What effect they produced upon
the natives may be seen from the description given by the unknown
historian of the "Wars of the Gaedhil with the Gaill": "In a
word, although there were an hundred hard-steeled iron heads on
one neck, and an hundred sharp, ready, cool, never-rusting brazen
tongues in each head, and an hundred garrulous, loud, unceasing
voices from each tongue, they could not recount, or narrate, or
enumerate, or tell what all the Gaedhil suffered in common --
both men and women, laity and clergy, old and young, noble and
ignoble -- of hardship, and of injury, and of oppression, in
every house, from these valiant, wrathful, purely pagan people.
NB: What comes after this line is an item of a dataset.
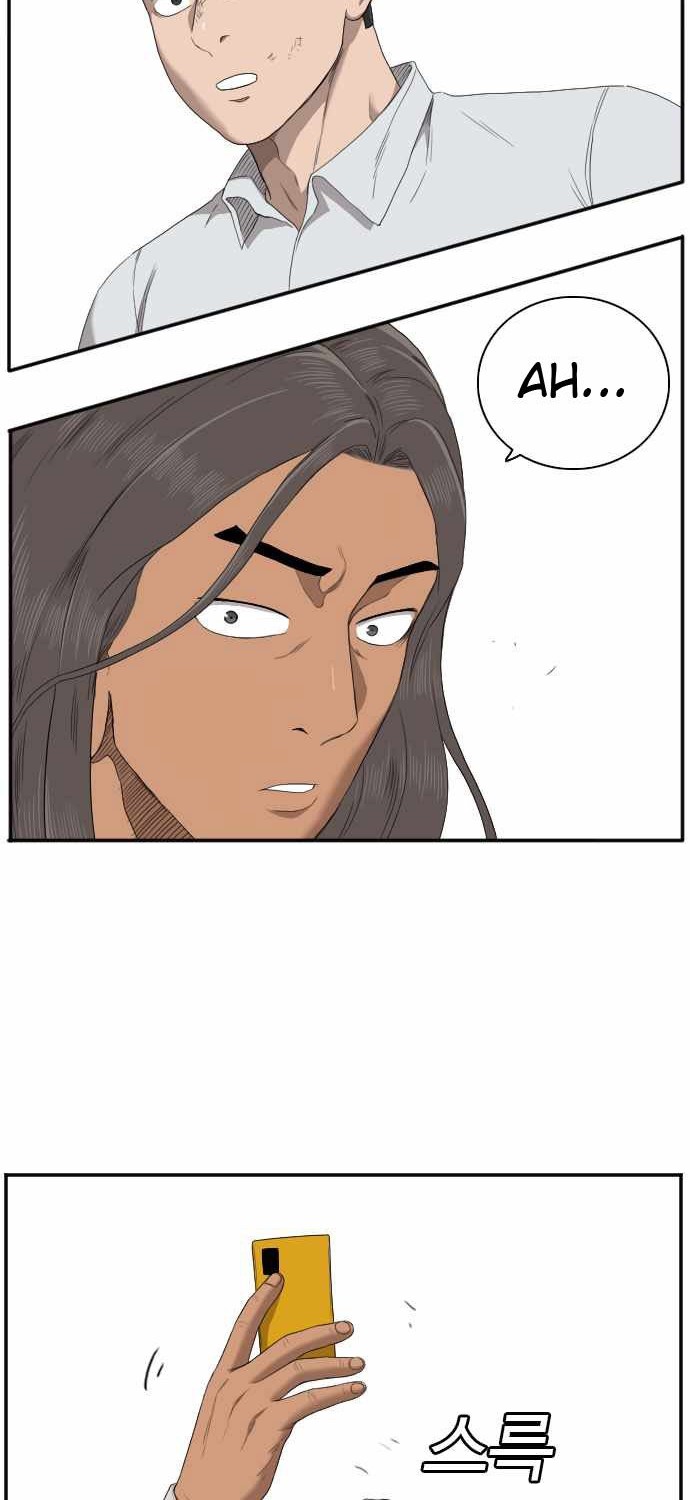 A Bad Person Chapter 53 Gambar 11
Even though great were this cruelty, oppression, and tyranny,
though numerous were the oft-victorious clans of the many-
familied Erinn; though numerous their kings, and their royal
chiefs, and their princes; though numerous their heroes and
champions, and their brave soldiers, their chiefs of valour and
renown and deeds of arms; yet not one of them was able to give
relief, alleviation, or deliverance from that oppression and
tyranny, from the numbers and multitudes, and the cruelty and the
wrath of the brutal, ferocious, furious, untamed, implacable
hordes by whom that oppression was inflicted, because of the
excellence of their polished, ample, treble, heavy, trusty,
glittering corslets; and their hard, strong, valiant swords; and
their well-riveted long spears, and their ready, brilliant arms
of valour besides; and because of the greatness of their
achievements and of their deeds, their bravery, and their valour,
their strength, and their venom, and their ferocity, and because
of the excess of their thirst and their hunger for the brave,
fruitful, nobly-inhabited, full of cataracts, rivers, bays, pure,
smooth-plained, sweet grassy land of Erinn" -- (pp.